The decision: Victories often hinge on one key decision, and for Smith and Marbut, it came down to a couple good calls. First, their faith in a spot that probably wouldn’t interest most proved essential in anchoring their win with a big Day 1 bag, while keeping them in the hunt on Day 2.

“That spot (a shellbar in 20 feet) was kind of hidden on a place that didn’t look amazing on the map, but it ended up being a lot better than I thought,” Smith said. “I was just side-scanning all of practice and looking for as many places as I could.

“I just ended scanning over that place, and it had a lot more fish than anywhere else. I think that was probably because it didn’t look that good on the map, and it wasn’t getting fished very hard. The fish weren’t getting pressured, and they were grouped up better than anywhere else.”

The first two days, Smith and his partner caught their fish on football jigs, swimbaits, hair jigs and a jighead minnow. Several of those baits also served them when they decided to make that fourth-quarter move.

“Late in the final day, we ended up fishing a deep spot with stumps,” Smith said. “It was directly in the current. I had scanned it during practice and knew that it looked like a spot where fish might set up.

“We were just running through and scanning a bunch of places that had potential. We saw a bunch of fish on that spot, but we thought they were all carp and drum. They were all bass and they were bigger than anything I’d seen and there were a lot more than most of the places we’d fished.”

Smith said his experience on TVA lakes told him that afternoons typically find bass tightly gathering. Maybe it’s the warming surface temperatures pushing them deeper, or the predictably increasing current; whatever the case, the eventual winners made the most of their opportunity.

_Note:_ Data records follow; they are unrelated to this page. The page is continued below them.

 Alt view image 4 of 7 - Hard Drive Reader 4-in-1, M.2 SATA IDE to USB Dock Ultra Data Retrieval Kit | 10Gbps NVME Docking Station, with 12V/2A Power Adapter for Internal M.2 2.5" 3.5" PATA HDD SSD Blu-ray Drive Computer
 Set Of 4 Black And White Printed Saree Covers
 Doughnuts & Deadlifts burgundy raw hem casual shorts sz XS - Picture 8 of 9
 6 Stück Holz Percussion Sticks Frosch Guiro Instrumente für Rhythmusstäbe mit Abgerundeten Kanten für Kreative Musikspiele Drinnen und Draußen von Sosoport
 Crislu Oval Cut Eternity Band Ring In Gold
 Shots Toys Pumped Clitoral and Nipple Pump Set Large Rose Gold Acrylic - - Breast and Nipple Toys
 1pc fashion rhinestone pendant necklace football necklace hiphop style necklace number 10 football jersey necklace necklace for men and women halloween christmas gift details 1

“It didn’t take long for us to start catching them,” Smith gleefully recalled. “We were freaking out and we ended up just casting whatever we had on the deck into the school, because we got them fired up with the first couple of casts we threw in there.

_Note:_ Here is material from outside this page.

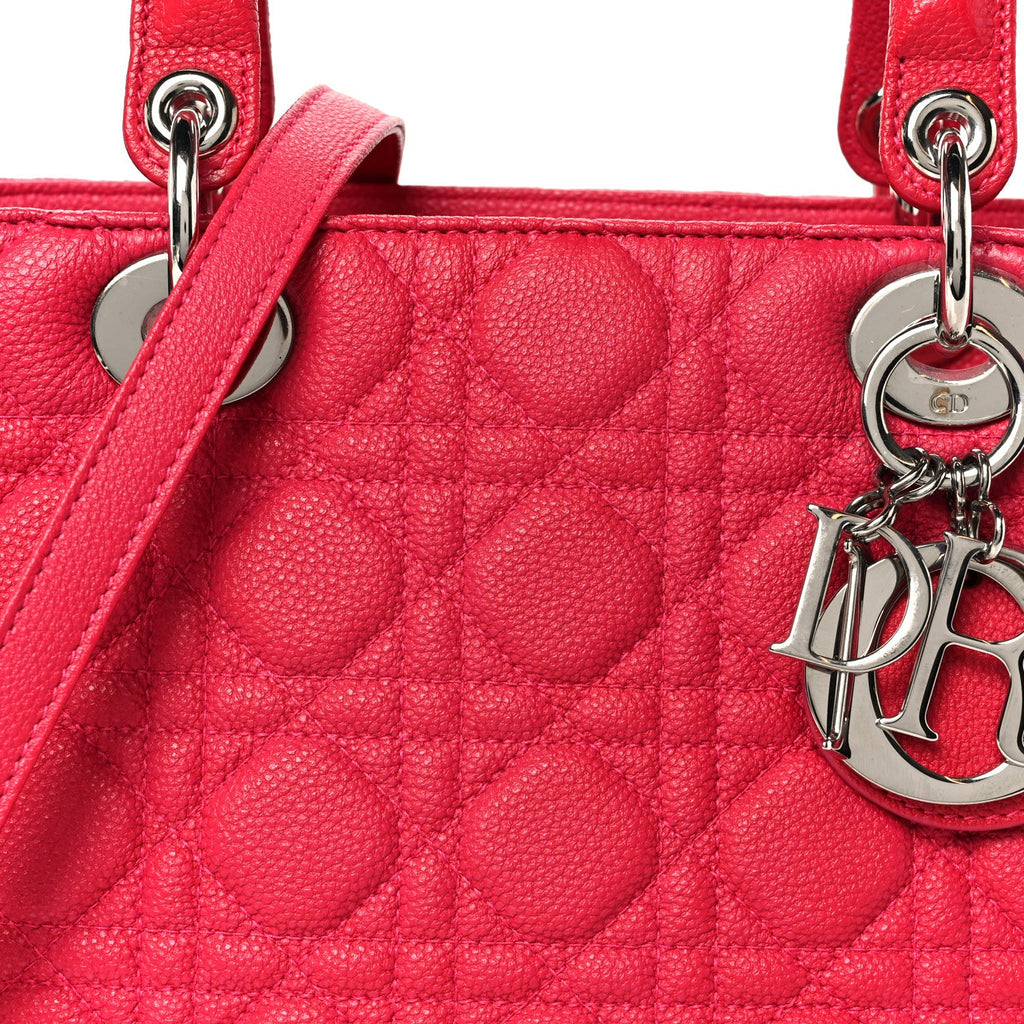 Grained Calfskin Cannage Medium Lady Dior Pink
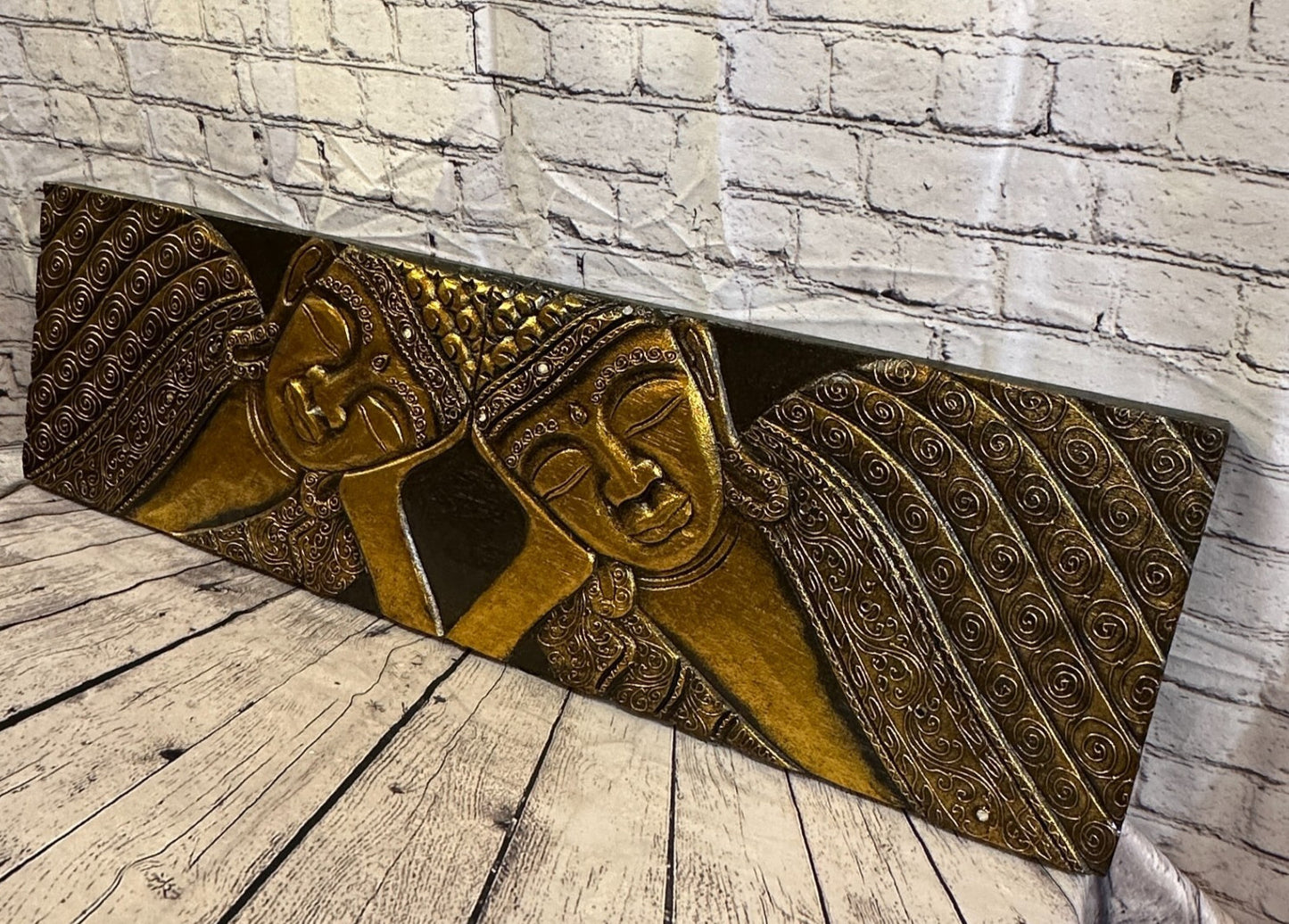 100cm x 30cm Buddha 2 Faces Gold Wooden Wood Panel Wall Art Plaque Handcarved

“Once you get a school fired up, you just have to get back in there as quickly as possible, while they’re still fired up. If you don’t get a bait in there within 30 seconds to a minute, most of those fish pick up and move somewhere, looking for something to eat. If they move off the spot, they’ll slide off into deep water and split up.”

Game changer: Smith attributes his team’s success to their flexibility — not getting locked into one thing. That’s the part that has helped him in his pro career.

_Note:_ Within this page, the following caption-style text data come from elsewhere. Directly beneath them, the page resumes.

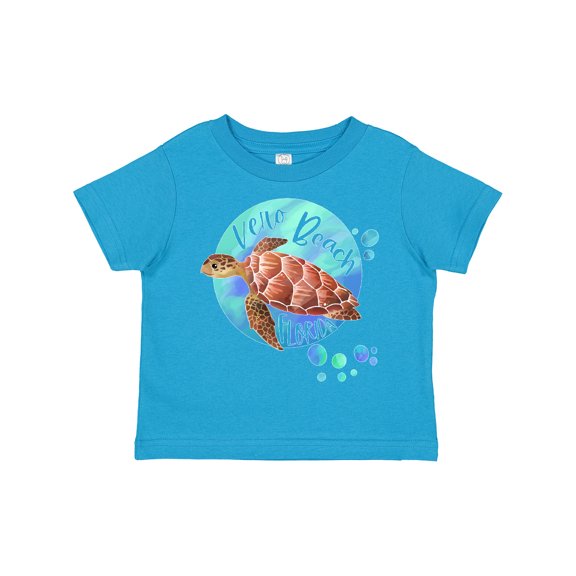Inktastic Vero Beach, Florida Swimming Sea Turtle with Bubbles Boys or Girls Toddler T-Shirt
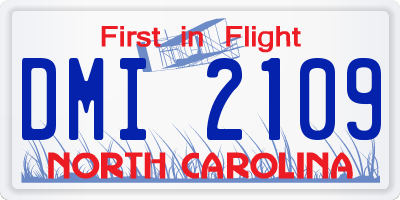 NC license plate DMI2109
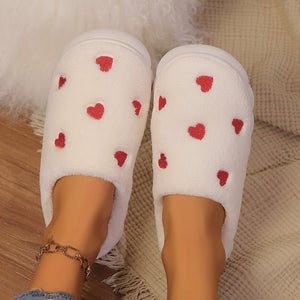 Heart Round Toe Flat Slippers (2 color options)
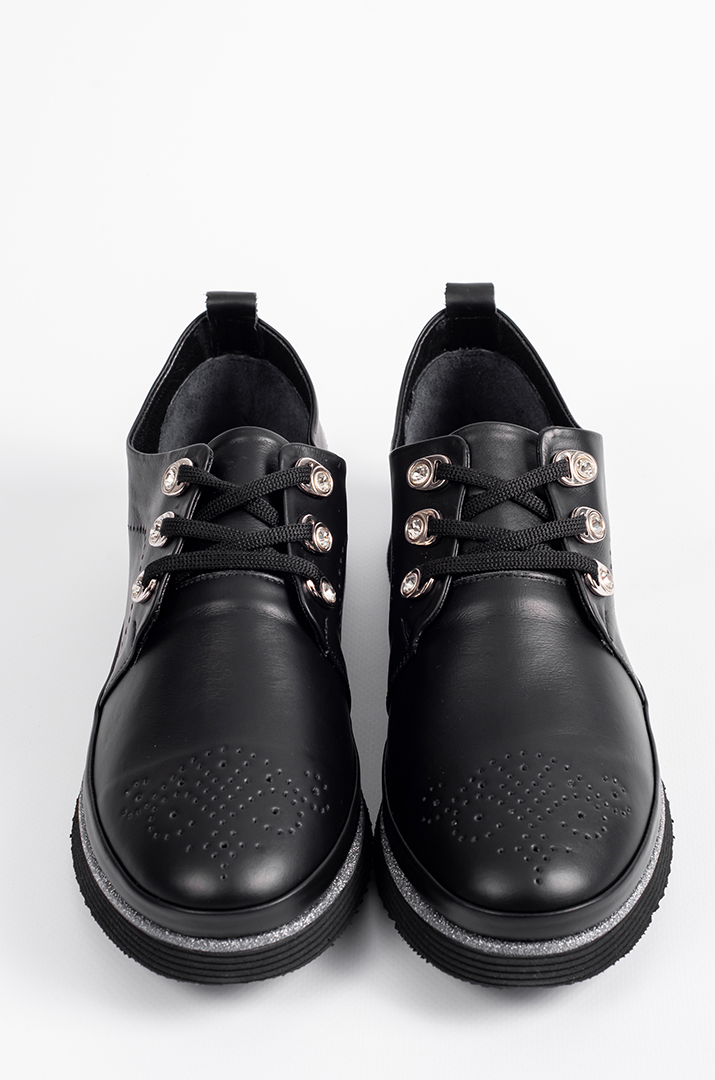 Чорні шкіряні туфлі зі сріблястою каймою великих розмірів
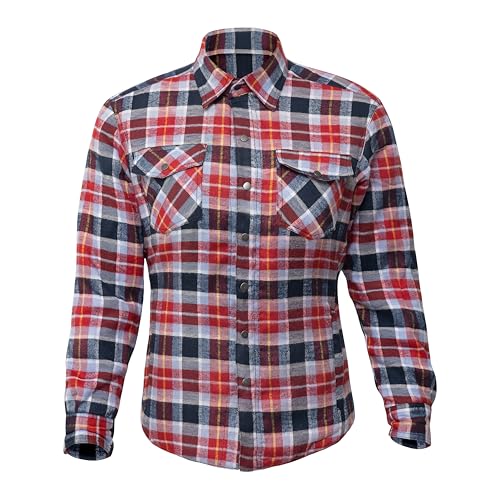 STOCKODEA Women’s Motorcycle Flannel Shirt – CE Armored Cotton Plaid Riding Jacket Lined with Aramid Kevlar Fibre– Women Protective Gear- M-RED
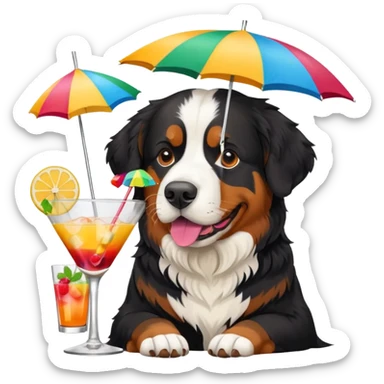 Bernese mountain dog drinking a cocktail sticker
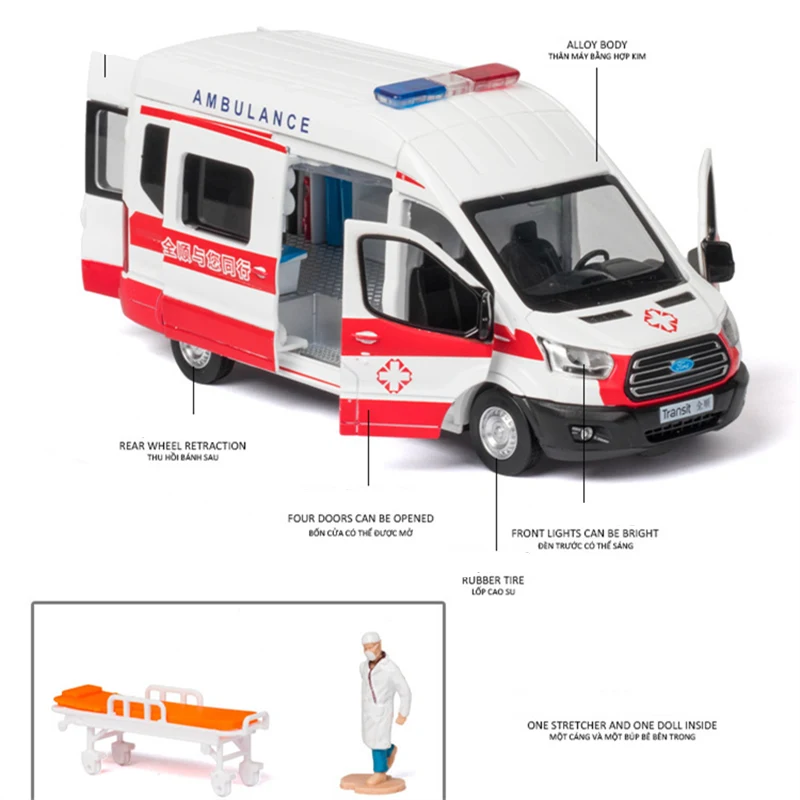 1:34 FORD Transit Alloy Ambulance Vehicles Car Model Diecast Metal Toy Broadcast Car Model Simulation Sound and Light Kids Gifts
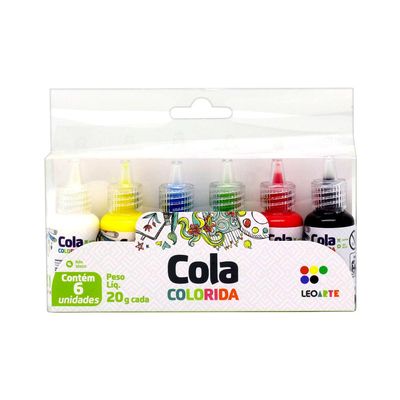 Cola Colorida Leonora Leo Arte com 6 Cores 20g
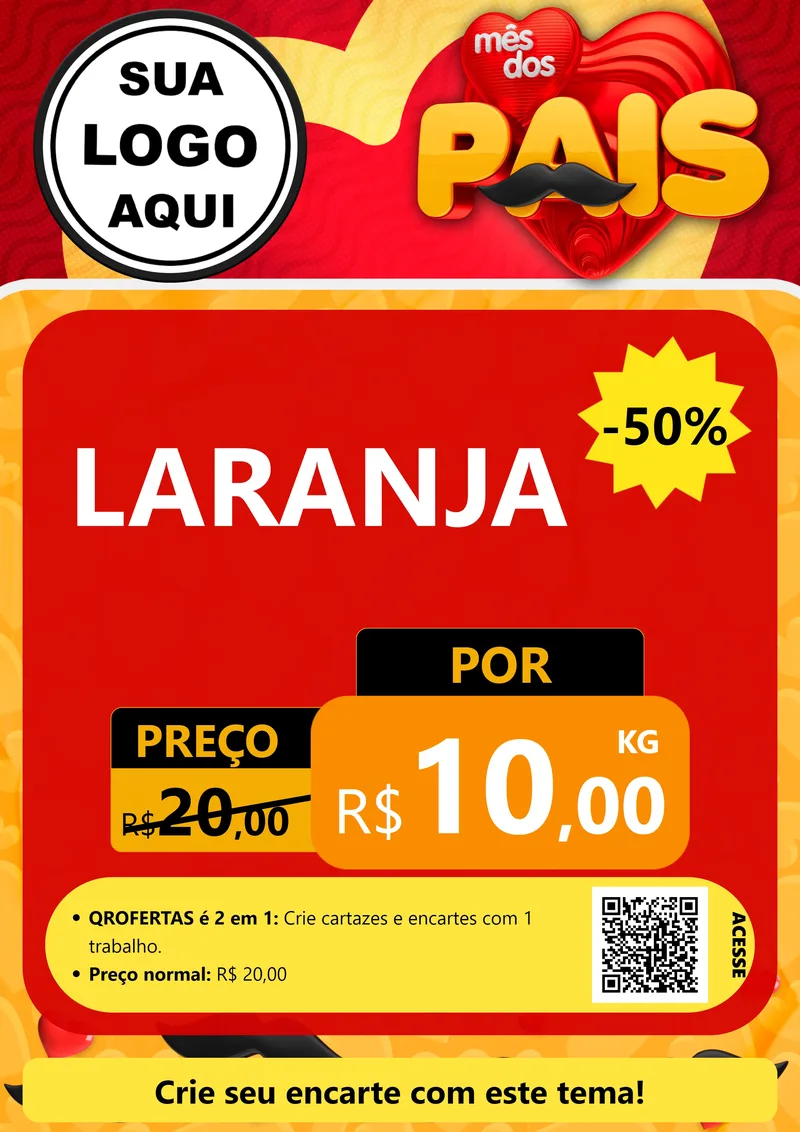 Modelo de Cartaz para Cartaz A4 Vertical com o tema Mês Dos Pais para Hortifrúti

“You always have to keep your options open and be willing to look around and find new fish,” Smith said. “That was the first year I was more open to looking for stuff during a tournament, and that has helped me in the long run.

“When you’re in high school, you find a pattern and an area and you want to fish it, but now that I’ve had some experience in these bigger tournaments, a lot of times, you have to pull up your trolling motor and look around for new stuff during the tournament. A lot of times, that’s the best way to find more fish, that’s the best way to catch a big bag.”

Takeaway: With age comes wisdom and Smith saw that 2023 College Championship win as not only a huge milestone in his career, but also an important stage in his personal development.

“Everything changes throughout the week, and you have to be adapting constantly to the changing conditions,” Smith said. “That’s what we ended up having to do, and it ended up winning us the tournament.

“That’s something I struggled with, but I’ve learned to shift my way of fishing into finding as much as you can, adapting with the fish and not getting stubborn.”